## Work to complete
Repeat the listing exactly. Do not carry over any pictures.

## Data provided
-- -- --

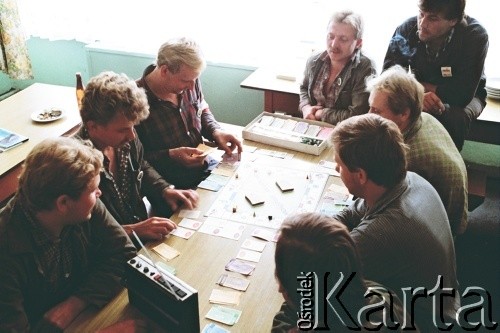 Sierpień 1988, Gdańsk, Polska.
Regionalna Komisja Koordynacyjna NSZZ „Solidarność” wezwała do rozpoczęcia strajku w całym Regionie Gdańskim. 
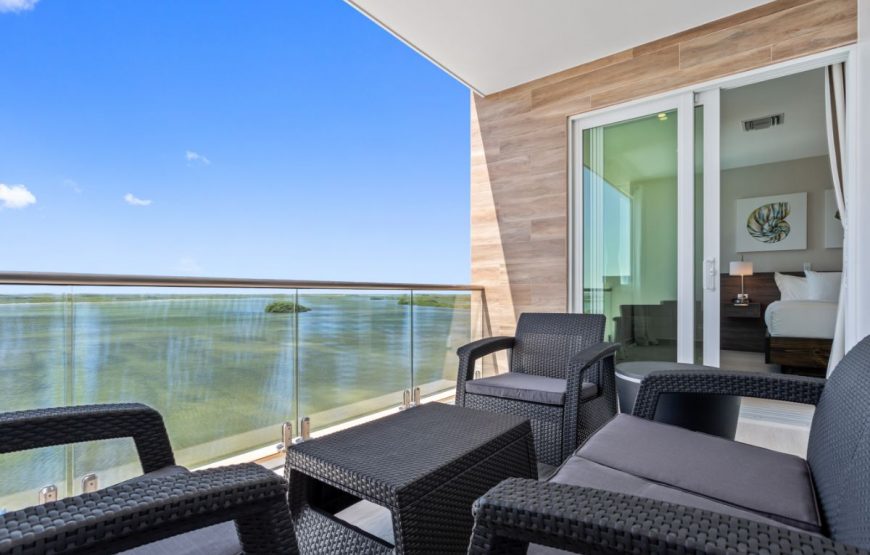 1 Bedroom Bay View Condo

-- -- --

## Answer area
 Sierpień 1988, Gdańsk, Polska.
Regionalna Komisja Koordynacyjna NSZZ „Solidarność” wezwała do rozpoczęcia strajku w całym Regionie Gdańskim. 
 1 Bedroom Bay View Condo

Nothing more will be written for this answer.